Es gibt keine sauberen Kriege, aber es gibt Kriege, die wegen ihrer offenkundigen Grausamkeit hervorstechen. Fray Bartolomé de la Casas, Dominikanermönch, geboren in Sevilla (laut Álvaro Huerga, zwischen 1484 und 1485), widmete sein gesamtes literarisches Werk der Anprangerung der Art und Weise, mit der die Kolonisierung Amerikas durchgeführt wurde. Las Casas und viele andere Religiöse, Politiker und gewöhnliche Bürger des Spaniens des XVI. Jahrhunderts verabscheuten die Barbareien, die an den amerikanischen Ureinwohnern im Namen Gottes, des Königs, vor allem aber im Namen der Habgier begangen wurden.

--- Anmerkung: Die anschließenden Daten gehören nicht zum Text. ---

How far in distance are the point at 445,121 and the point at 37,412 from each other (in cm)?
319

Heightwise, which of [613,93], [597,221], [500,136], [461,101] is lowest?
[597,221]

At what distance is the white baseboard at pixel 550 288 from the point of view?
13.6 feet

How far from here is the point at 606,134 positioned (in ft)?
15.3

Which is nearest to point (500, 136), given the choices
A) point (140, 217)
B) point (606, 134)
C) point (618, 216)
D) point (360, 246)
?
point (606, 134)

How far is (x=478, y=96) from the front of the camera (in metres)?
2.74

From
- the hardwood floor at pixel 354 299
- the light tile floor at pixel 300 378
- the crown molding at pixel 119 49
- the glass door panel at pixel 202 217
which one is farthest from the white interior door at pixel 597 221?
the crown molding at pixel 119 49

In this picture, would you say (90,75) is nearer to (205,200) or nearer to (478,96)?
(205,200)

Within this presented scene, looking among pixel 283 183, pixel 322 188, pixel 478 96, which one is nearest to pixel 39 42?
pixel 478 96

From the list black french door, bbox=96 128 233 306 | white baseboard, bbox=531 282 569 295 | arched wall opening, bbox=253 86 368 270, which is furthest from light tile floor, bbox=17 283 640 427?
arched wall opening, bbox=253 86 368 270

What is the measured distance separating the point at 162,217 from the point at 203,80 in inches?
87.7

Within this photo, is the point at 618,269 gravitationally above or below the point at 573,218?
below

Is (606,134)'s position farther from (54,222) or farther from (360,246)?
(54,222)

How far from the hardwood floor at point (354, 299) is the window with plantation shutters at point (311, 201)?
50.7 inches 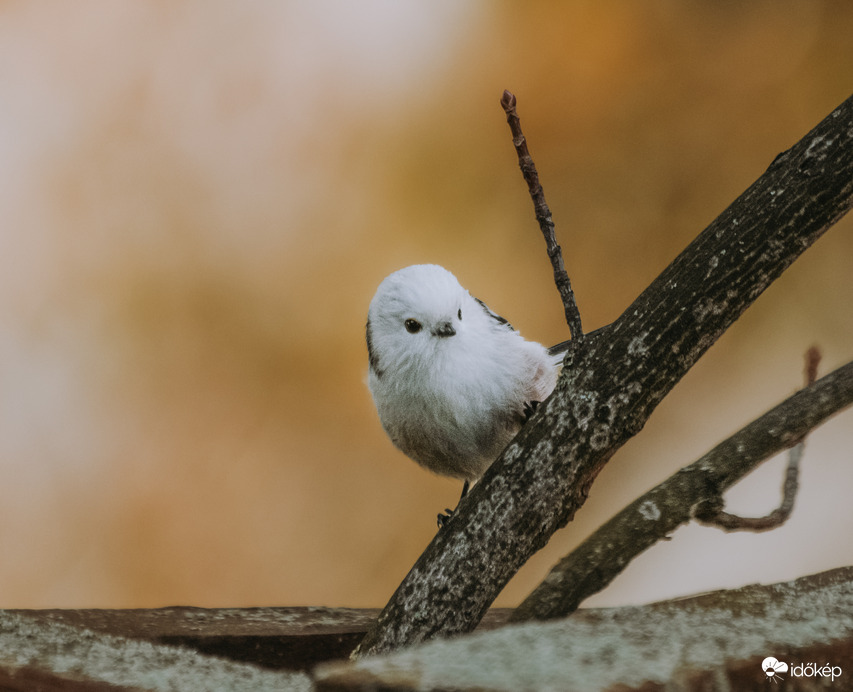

Brevísima Relación de la Destrucción de las Indias (dt.: Kurz gefasster Bericht von der Verwüstung der Westindischen Länder) ist aus dem umfangreichen Werk Las Casas die am weitesten verbreitete und auch die polemischste Schrift. In ihr werden die durch die Indigenen erlittenen Ungerechtigkeiten und Verbrechen während der Conquista und der Kolonisierung Amerikas angeprangert. Die auf 150 Seiten geschilderten Episoden gehen über jeden historischen Kontext hinaus und lassen sich ganz in das Genre der Horrorliteratur einordnen, obwohl es sich um eine „Chronik der Westindischen Länder“ handelt. La Brevísima, wie dieses Büchlein ebenfalls genannt wird, ist ein Text voller Schilderungen, die das Vorstellungsvermögen dessen übersteigt, der sie liest und sich vorzustellen versucht. Haben sich die Geschehnisse, die in La Brevísima, einem Werk, das bald zu einem Angriff auf das spanische Imperium werden sollte, erzählt werden, wirklich so ereignet, oder handelt es sich um Halbwahrheiten und Übertreibungen eines Geistlichen, Verteidiger der Indios, der frustriert war, weil er die ungerechte Dynamik der kolonialen Maschinerie nicht aufhalten konnte?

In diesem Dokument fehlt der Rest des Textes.